M&A仲介業は、事業を売りたい企業と買いたい企業をマッチングさせ、M&Aの成約を仲立ちするビジネスだ。業界を挙げて、中小企業に対して、第三者への事業売却による事業承継の有効性を積極的に啓蒙している。

 中小企業庁による「事業承継・引継ぎ補助金」などの予算化を、千載一遇のチャンスと捉え、“産業界の救世主”とばかりに、意気軒高だ。

 確かに、M&Aは事業承継の有力な手段だ。だが、中小企業の経営者は慎重になった方がよい。

 M&Aを進める際、売り手企業は株式や資産の売却、従業員の労働条件など、重要情報を仲介会社とやりとりする。にもかかわらず仲介事業には、免許も資格も必要ない。中小企業庁が定める「中小M&Aガイドライン」の順守を求められるだけだ。
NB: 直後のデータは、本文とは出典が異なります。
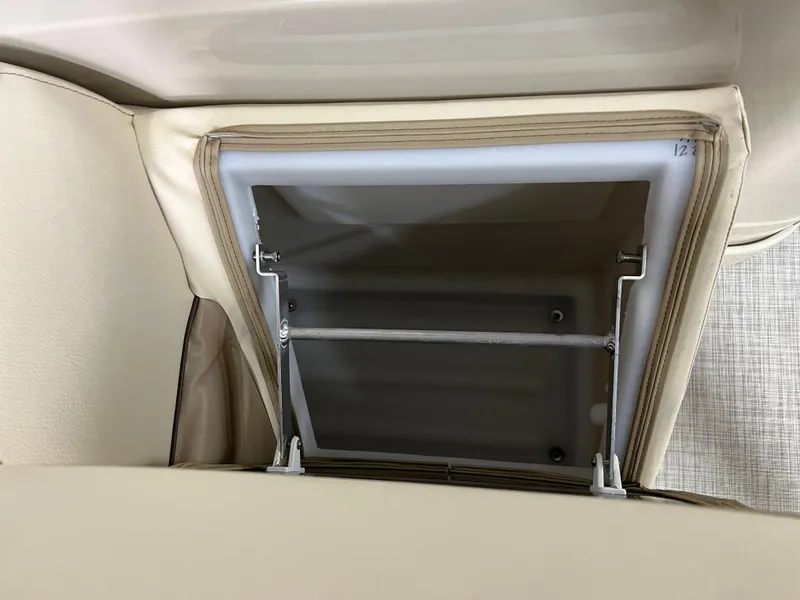 Slide: The Image of Coach Pontoons 221 RFC 1-SERIES SPORTTOON 2022 - 12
 実際、最大手の日本M&Aセンターホールディングスでは、顧客の契約書を悪用し、社内報告に必要な書類を偽造するという、ずさんな業務実態が明らかになっている。

 そもそも、M&Aだけが事業承継の手段ではない。親族内や長年会社に尽くしてくれている幹部社員、あるいは外部のプロ経営者に託す方法など、いくらでも手段はある。

 自社に最適な手段を見つけるには、自社の事情をよく知る専門家を味方に付けることだ。地方銀行や信用金庫・信用組合などの金融機関、税理士や公認会計士などの士業は、その有力候補だろう。